Los datos son conocidos. El ministerio de Igualdad, en manos de Podemos, ha presentado un “proyecto de ley trans”. Estaba en el programa de Gobierno. Pero los socialistas critican que en el proyecto de Podemos la sola voluntad de una persona, a partir de los 16 años, permita elegir el género. Sin el consentimiento de los padres y sin ningún tipo de informe médico, a partir de esa edad, para los que lo soliciten, se pondrían en marcha los llamados “inhibidores hormonales” que bloquean el desarrollo completo de los rasgos femeninos y masculinos. La vicepresidenta del Gobierno, Carmen Calvo, se ha opuesto porque considera un error que el deseo genere un derecho.

¿Reconocen ahora los promotores de los nuevos derechos un límite? La postura de los socialistas está determinada por los grupos de feministas más clásicos. Estos grupos señalan que no se pretende regular la autodeterminación de género sino la autodeterminación del sexo. El género, explican, es una cuestión histórica, cultural. Es, por ejemplo, el papel sumiso que se le atribuye a las féminas en muchas sociedades. El sexo es otra cosa, el sexo es un dato objetivo: se nace mujer u hombre. Las feministas argumentan que reconocer la autodeterminación sexual, en nombre de los derechos de las personas transexuales, supone negar el sexo como realidad objetiva y como categoría jurídica. Y eso va en contra de la igualdad de las mujeres. Las mujeres, con una regulación como la presentada por Podemos, desaparecerían. El problema se agrava con los menores. Si saliera adelante la ley, en el colegio se les diría que cuando tienen comportamientos no acordes con su sexo (jugar al balón, por ejemplo) pueden ser transexuales.
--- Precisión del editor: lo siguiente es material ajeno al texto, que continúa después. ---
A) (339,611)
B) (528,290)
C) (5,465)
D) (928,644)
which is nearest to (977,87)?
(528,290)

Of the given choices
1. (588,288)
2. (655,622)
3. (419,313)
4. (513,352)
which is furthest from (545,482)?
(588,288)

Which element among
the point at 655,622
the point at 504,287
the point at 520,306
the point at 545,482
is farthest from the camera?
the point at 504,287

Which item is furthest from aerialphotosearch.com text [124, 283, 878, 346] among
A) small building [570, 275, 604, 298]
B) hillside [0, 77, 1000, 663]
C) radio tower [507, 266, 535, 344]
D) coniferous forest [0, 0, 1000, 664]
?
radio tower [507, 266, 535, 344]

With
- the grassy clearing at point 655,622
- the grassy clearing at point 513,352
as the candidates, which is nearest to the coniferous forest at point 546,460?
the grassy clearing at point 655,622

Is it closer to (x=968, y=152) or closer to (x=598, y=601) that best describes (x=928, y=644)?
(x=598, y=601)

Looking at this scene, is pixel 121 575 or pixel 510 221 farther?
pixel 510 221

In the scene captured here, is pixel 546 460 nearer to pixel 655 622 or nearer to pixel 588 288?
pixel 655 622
Lo que estaría acompañado de facilidades en el sistema sanitario para hacer el cambio antes de que tuvieran una mínima estabilidad.
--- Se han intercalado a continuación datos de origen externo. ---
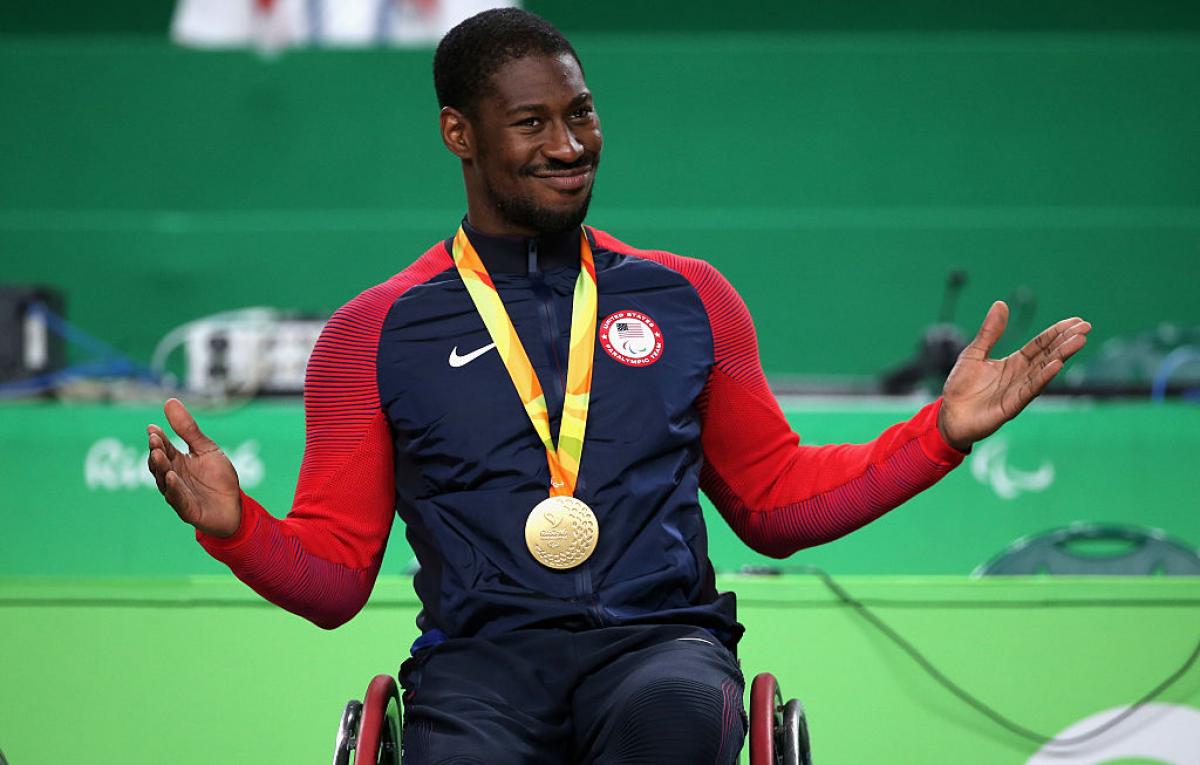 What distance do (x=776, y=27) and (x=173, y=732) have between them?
5.01m

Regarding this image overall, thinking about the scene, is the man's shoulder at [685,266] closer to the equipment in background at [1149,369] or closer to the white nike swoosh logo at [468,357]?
the white nike swoosh logo at [468,357]

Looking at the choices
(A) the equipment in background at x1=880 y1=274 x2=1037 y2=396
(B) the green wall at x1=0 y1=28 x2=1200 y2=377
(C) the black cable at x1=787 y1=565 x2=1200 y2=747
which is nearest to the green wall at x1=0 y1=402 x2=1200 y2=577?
(A) the equipment in background at x1=880 y1=274 x2=1037 y2=396

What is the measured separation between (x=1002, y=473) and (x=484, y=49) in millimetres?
2331

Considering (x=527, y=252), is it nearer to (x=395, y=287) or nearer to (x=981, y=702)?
(x=395, y=287)

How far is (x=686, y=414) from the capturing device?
6.86 feet

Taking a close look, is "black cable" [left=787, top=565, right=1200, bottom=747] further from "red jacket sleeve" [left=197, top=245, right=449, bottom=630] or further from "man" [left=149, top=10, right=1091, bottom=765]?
"red jacket sleeve" [left=197, top=245, right=449, bottom=630]

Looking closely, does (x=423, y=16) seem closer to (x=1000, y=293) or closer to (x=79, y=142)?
(x=79, y=142)

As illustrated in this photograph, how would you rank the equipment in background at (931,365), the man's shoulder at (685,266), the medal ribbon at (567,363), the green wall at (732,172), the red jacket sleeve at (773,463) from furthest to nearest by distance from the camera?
the green wall at (732,172) → the equipment in background at (931,365) → the man's shoulder at (685,266) → the red jacket sleeve at (773,463) → the medal ribbon at (567,363)

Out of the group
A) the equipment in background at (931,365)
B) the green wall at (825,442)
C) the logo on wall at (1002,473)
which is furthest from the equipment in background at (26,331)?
the logo on wall at (1002,473)

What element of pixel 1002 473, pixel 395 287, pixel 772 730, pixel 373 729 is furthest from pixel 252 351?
pixel 772 730

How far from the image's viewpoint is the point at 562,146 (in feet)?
6.72

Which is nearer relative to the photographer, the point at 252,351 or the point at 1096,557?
the point at 1096,557

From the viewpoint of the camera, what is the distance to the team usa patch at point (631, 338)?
6.77 ft

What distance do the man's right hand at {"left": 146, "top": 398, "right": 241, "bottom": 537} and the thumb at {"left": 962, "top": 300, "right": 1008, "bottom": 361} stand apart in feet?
3.20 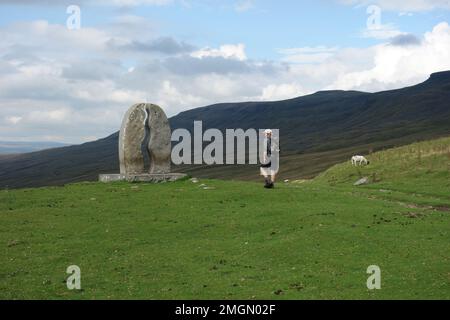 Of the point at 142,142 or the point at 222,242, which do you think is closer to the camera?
the point at 222,242

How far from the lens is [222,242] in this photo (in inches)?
878

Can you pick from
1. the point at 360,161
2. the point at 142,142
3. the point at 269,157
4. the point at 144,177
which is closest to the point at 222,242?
the point at 269,157

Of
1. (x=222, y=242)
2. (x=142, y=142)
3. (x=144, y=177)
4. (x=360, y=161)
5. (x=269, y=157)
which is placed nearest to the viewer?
(x=222, y=242)

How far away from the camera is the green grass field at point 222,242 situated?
1653 cm

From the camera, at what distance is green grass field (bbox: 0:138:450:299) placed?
16.5 metres

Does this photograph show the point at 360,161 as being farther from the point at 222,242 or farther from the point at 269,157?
the point at 222,242

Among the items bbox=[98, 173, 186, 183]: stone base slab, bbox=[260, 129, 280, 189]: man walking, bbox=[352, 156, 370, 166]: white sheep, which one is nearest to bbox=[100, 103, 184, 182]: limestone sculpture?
bbox=[98, 173, 186, 183]: stone base slab

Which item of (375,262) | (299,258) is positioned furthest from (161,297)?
(375,262)

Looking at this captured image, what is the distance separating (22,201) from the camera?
31766mm

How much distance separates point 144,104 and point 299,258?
77.2 ft

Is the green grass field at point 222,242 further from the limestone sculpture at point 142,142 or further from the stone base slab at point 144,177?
the limestone sculpture at point 142,142

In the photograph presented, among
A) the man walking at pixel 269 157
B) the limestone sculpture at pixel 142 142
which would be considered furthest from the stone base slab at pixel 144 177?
the man walking at pixel 269 157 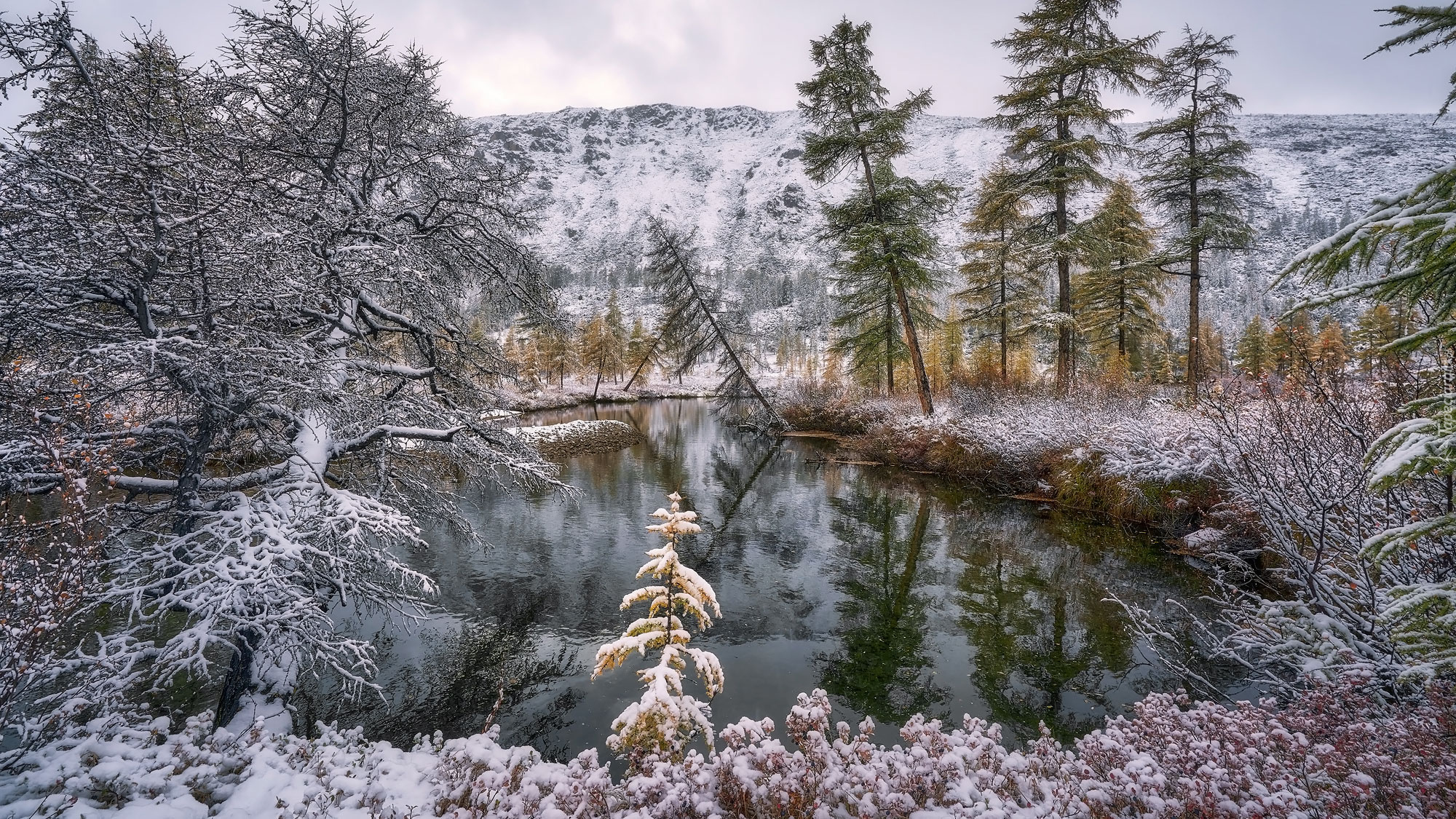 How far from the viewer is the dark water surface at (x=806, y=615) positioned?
235 inches

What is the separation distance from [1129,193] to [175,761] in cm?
3272

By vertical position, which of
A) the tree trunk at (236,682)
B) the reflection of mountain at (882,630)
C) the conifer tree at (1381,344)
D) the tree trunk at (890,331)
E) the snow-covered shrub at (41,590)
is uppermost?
the tree trunk at (890,331)

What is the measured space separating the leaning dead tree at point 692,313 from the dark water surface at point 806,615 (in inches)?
520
Las feministas clásicas, quizás las últimas ilustradas de Occidente, se disponen a librar la última batalla en favor de la mujer. Lo hacen afirmando identidades biológicas objetivas. Sí, aseguran, la autodeterminación debe tener el límite de la realidad y de los derechos de terceros: los que aceptan la determinación sexual con la que vinieron al mundo. Su posición es débil. Parten de un presupuesto, de una evidencia no fundamentada, que ya ha dejado de serlo para muchos. La evidencia de que el dato biológico antecede al deseo, a la voluntad. La claridad de que el yo, la identidad sexual o personal, no surge de la decisión de ser. Falta evidencia, claridad y experiencia de que decir yo sea tomar conciencia de estar recibiéndose a uno mismo, como un hombre o una mujer, con unos determinados rasgos biológicos, sexuales, temperamentales o de carácter, con un anhelo de felicidad y de plenitud insaciable. Sin esta experiencia de que el propio yo está siendo dado y recibido, nadie quiere ser él mismo. Sin esa conciencia, el objetivismo de la identidad de las feministas o de los que quieren preservar el último bastión antropológico, está condenado al fracaso.
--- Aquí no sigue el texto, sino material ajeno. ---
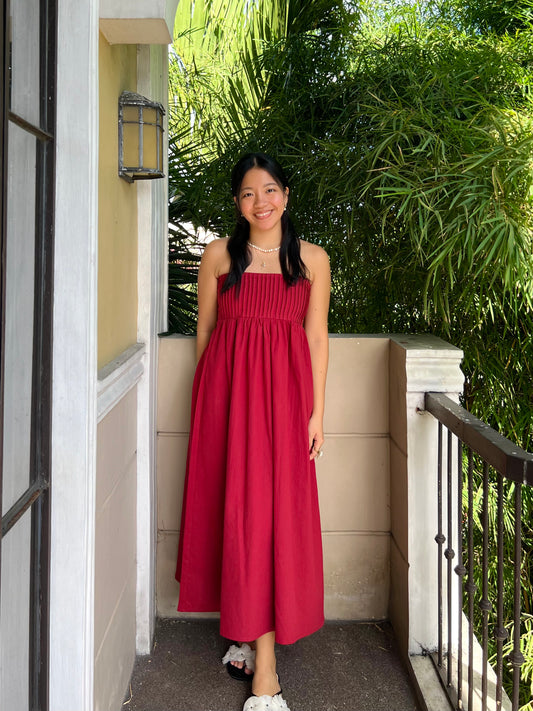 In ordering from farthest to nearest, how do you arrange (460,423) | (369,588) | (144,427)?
(369,588), (144,427), (460,423)

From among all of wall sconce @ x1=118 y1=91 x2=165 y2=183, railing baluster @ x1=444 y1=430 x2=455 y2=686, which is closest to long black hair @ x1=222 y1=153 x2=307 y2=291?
wall sconce @ x1=118 y1=91 x2=165 y2=183

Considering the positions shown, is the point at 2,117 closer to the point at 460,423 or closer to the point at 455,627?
the point at 460,423

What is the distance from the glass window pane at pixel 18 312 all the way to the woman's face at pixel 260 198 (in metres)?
1.02

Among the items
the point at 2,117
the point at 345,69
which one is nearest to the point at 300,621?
the point at 2,117

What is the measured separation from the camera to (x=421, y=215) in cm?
238

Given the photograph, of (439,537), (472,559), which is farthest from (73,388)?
(439,537)

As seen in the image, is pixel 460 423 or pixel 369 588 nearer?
pixel 460 423

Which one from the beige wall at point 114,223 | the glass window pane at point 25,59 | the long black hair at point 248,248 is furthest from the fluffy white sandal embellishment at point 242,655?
the glass window pane at point 25,59

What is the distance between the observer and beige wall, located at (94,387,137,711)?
191 centimetres

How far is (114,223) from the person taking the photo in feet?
6.95

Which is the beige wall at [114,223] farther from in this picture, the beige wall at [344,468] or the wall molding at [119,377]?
the beige wall at [344,468]

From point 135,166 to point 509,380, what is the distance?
6.12ft

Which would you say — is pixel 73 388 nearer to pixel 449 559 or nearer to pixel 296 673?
pixel 449 559

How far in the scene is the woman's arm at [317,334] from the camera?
247 centimetres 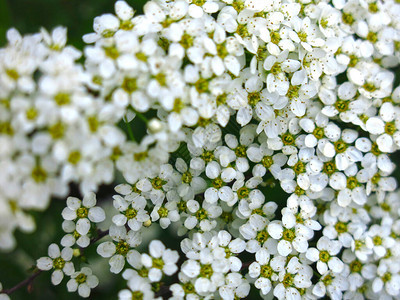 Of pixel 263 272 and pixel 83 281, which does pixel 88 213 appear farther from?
pixel 263 272

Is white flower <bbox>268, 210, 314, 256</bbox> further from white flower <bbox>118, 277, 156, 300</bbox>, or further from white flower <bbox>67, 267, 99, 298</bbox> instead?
white flower <bbox>67, 267, 99, 298</bbox>

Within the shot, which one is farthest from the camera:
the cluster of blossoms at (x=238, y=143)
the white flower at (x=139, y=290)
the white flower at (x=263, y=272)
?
the white flower at (x=263, y=272)

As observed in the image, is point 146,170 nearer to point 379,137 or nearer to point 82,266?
point 82,266

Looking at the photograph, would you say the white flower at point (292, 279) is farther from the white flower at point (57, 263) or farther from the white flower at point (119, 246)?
the white flower at point (57, 263)

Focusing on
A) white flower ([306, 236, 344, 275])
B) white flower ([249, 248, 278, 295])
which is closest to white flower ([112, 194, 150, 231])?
white flower ([249, 248, 278, 295])

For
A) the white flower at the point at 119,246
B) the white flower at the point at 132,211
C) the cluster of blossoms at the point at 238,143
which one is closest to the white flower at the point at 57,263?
the cluster of blossoms at the point at 238,143

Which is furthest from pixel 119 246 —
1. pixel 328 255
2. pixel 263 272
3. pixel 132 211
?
pixel 328 255

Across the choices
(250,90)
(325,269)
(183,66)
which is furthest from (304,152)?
(183,66) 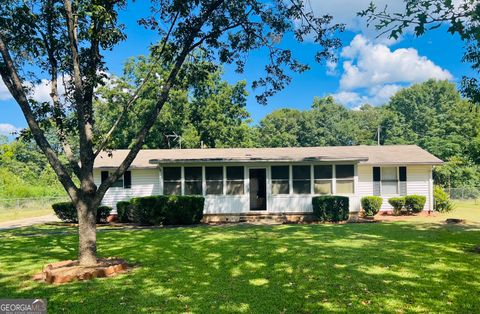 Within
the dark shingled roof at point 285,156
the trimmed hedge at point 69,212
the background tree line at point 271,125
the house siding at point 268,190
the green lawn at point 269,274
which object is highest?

Cualquiera que esté en contacto con el mundo adolescente sabe que ha crecido exponencialmente la inclinación hacia la transexualidad. Sin duda hay una cierta moda, hay influencias que surten efecto. Pero probablemente estamos ante el signo más rotundo de que recibirse a uno mismo como un don, como un dato, ha dejado de ser habitual, ha dejado de percibirse como un bien. No es suficiente afirmar la objetividad de la biología para que los chicos que se abren a la vida dejen de tener problemas de identidad. Hace falta volver a concebirlos, volver a engendrarlos para que no les arrastre la rabia por no poder pronunciar la palabra yo con un mínimo de ternura. Para que esa rabia no les lleve a soñar con otras identidades, otros cuerpos, o lo que es peor, les lleva a hacerse daño. Volver a engendrarlos de nuevo es hacerles experimentar que ese yo que no entienden no es un enemigo, es enseñarles a recibirse a sí mismos con la estima infinita que les hace estar vivos instante tras instante. Eso lo saben hacer los adultos que se reciben a sí mismos con esa estima.